I am currently implementing a Finite-Difference Time-Domain (FDTD) analysis program, essentially having an array of electromagnetic field components and using each thread to perform an updating equation on each element,

The problem is, as I increase the number of elements in the array (and thus the number of threads I’m using) the kernel fails to do anything (without an error message), this happens when the number of elements is 447, which is somewhat less than I was expecting (when either the number of threads reaches 512 or when shared memory is full at 16kB)
Each thread uses 8 floating point numbers in its processing which are copied into shared memory when the kernel executes,

Any suggestions as to what might be going on, why it might be going on or advice from similar experiences?

Kind Regards

There are several possible scanarios which may lead to such problems.
I’d check kernel resource usage first. To do this add --ptxas-options=-v to your nvcc command line and check output — it will tell you how many register and shared memory are required for each of your kernels. Check that you’re not exceeding limits of 8192 registers and 16KiB shared memory.

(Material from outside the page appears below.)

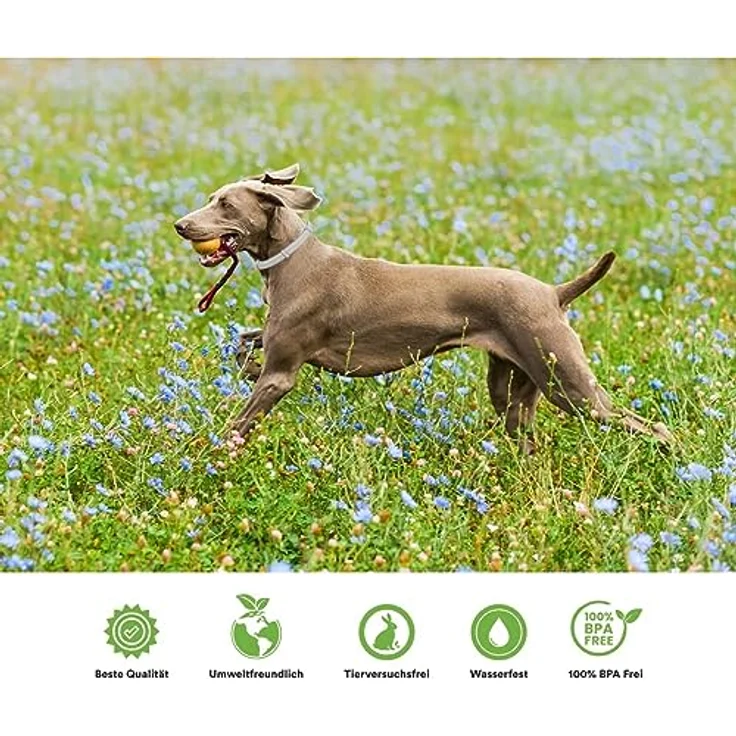 MC-Royal® Premium Zeckenhalsband für Hunde, wasserdicht und verstellbar, 70 cm, bis zu 8 Monate Zeckenschutz mit 100% natürlichen Inhaltsstoffen – Bild 5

I’ve added --ptxas-options=-v to my nvcc command line but it’s not telling me anything about the resource useage,


you should see a line for each of your kernels like:

register, # bytes shared mem, #bytes local mem and constant mem.


The only extra entry i get is:

1># entry  = updatinga

1>Compiling entry: updatinga

1># entry  = updating

1>Compiling entry: updating

(Where “updating” and “updatinga” are the names of the kernel functions)


Are you using CUDA 1.1? Seems more like 1.0…
In this case you need to generate .cubin files (nvcc -cubin) and examine it, kernel resource usage will be shown there.